Veniamo alle sue battaglie, che hanno avuto anche rilievo nazionale. Contro il gioco d'azzardo.
«La battaglia nasce dal rendersi conto che la diffusione del gioco d'azzardo diventa spesso malattia. La spesa per il gioco è altissima: a Bergamo 2.536 euro a persona. Un fenomeno correlato con la distribuzione dell'offerta, come confermano le ricerche. Io sono responsabile della salute dei miei concittadini, dei giocatori e dei loro familiari: figli, mogli, fratelli e colleghi che ne pagano il prezzo. Serviva un contenimento, non la totale cancellazione con il rischio di metterlo in mano alla criminalità.
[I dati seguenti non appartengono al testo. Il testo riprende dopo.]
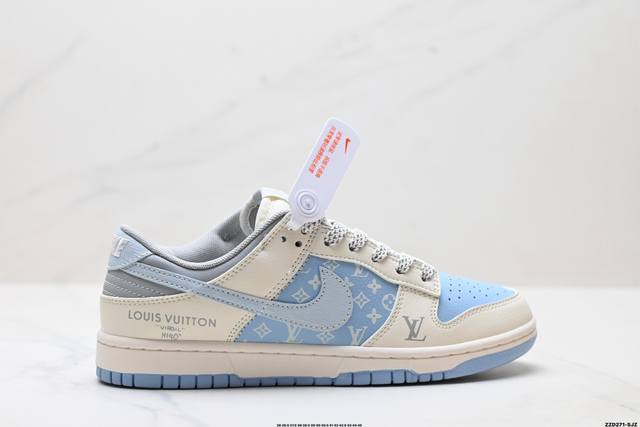 公司级Nike Dunk Low Retro ‘Diy高端定制’耐克 低帮休闲运动板鞋 原装头层材料 用料绝不含糊 独家版型蒸餾加工帶來的是更好的视觉和脚感体验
A Bergamo abbiamo messo qualche paletto: confermando le disposizioni regionali, sulla distanza dai luoghi sensibili; distanza minima di cento metri da banche e compro oro; divieto di affissione delle vincite; e soprattutto fasce orarie in cui non si può giocare. Smetti e vai a casa. La nostra legge è stata impugnata dalle compagnie del gioco e dai tabaccai: quattro ricorsi al Tar, vinti quasi tutti ma abbiamo perso su un punto. Il giudice ha ammesso che nel rapporto tra tabaccherie e giochi nazionali ci sia una relazione diretta con lo Stato, in cui il sindaco non può intervenire».
Altra battaglia: questione migranti.
«L'accoglienza in Italia è tutta centrata sull'emergenza e non si pone seriamente il tema dell'integrazione. Si affida alla disponibilità dei singoli sindaci per le quote da allocare, così gran parte dei Comuni si sono chiamati fuori e l'onere dell'accoglienza ricade su duemila Comuni su un totale di ottomila. C'è un criterio assistenziale che non responsabilizza i migranti. Obblighiamo tutti a presentare domanda di asilo, sapendo che 8 su 10 non hanno titolo, li accogliamo nei centri, per due anni in attesa di responso, provvediamo al mantenimento, e alla fine 8 su 10 sono fuori. Dovremmo rimpatriarli, ma non lo facciamo. Così restano nelle nostre città. Irregolari e senza soldi».